This work addresses the high computational cost and instability of conventional approaches to aligning diffusion models with human preferences, which typically require multiple training runs to search for an optimal KL regularization strength—often leading to under-alignment or reward hacking when improperly tuned. The authors propose a denoising-time realignment mechanism that, after a single alignment training run, dynamically adjusts the regularization strength during sampling to emulate the effects of different strengths without additional training. Extending decoding-time realignment from language models to diffusion models for the first time, the method derives a closed-form update rule based on geometric mixing of reference and aligned posterior distributions, enabling real-time control in the continuous latent space via a single tunable parameter λ. Experiments demonstrate that this approach accurately approximates the performance of fully retrained models across multiple text-to-image alignment and image quality metrics while substantially reducing computational overhead.

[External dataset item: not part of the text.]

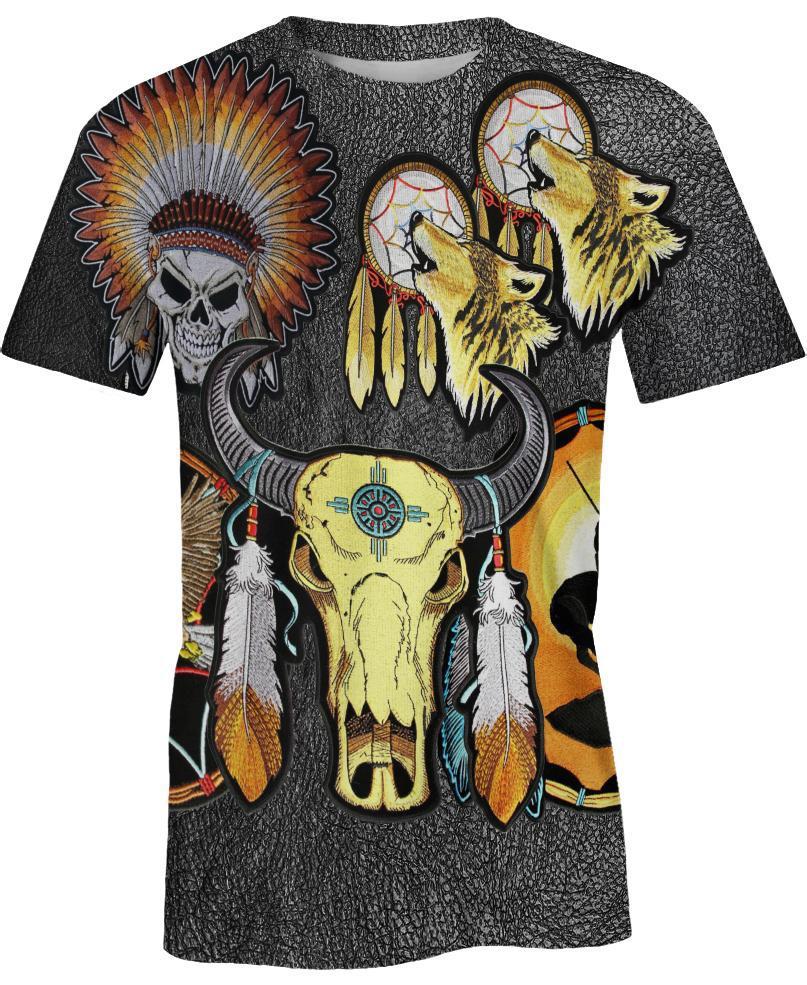 WelcomeNative Native Buffalo 3D Hoodie, All Over Print Hoodie, Native American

Recent advances align diffusion models with human preferences to increase aesthetic appeal and mitigate artifacts and biases. Such methods aim to maximize a conditional output distribution aligned with higher rewards whilst not drifting far from a pretrained prior. This is commonly enforced by KL (Kullback Leibler) regularization. As such, a central issue still remains: how does one choose the right regularization strength? Too high of a strength leads to limited alignment and too low of a strength leads to"reward hacking". This renders the task of choosing the correct regularization strength highly non-trivial. Existing approaches sweep over this hyperparameter by aligning a pretrained model at multiple regularization strengths and then choose the best strength. Unfortunately, this is prohibitively expensive. We introduce DeRaDiff, a denoising time realignment procedure that, after aligning a pretrained model once, modulates the regularization strength during sampling to emulate models trained at other regularization strengths without any additional training or finetuning. Extending decoding-time realignment from language to diffusion models, DeRaDiff operates over iterative predictions of continuous latents by replacing the reverse step reference distribution by a geometric mixture of an aligned and reference posterior, thus giving rise to a closed form update under common schedulers and a single tunable parameter, lambda, for on the fly control. Our experiments show that across multiple text image alignment and image-quality metrics, our method consistently provides a strong approximation for models aligned entirely from scratch at different regularization strengths. Thus, our method yields an efficient way to search for the optimal strength, eliminating the need for expensive alignment sweeps and thereby substantially reducing computational costs.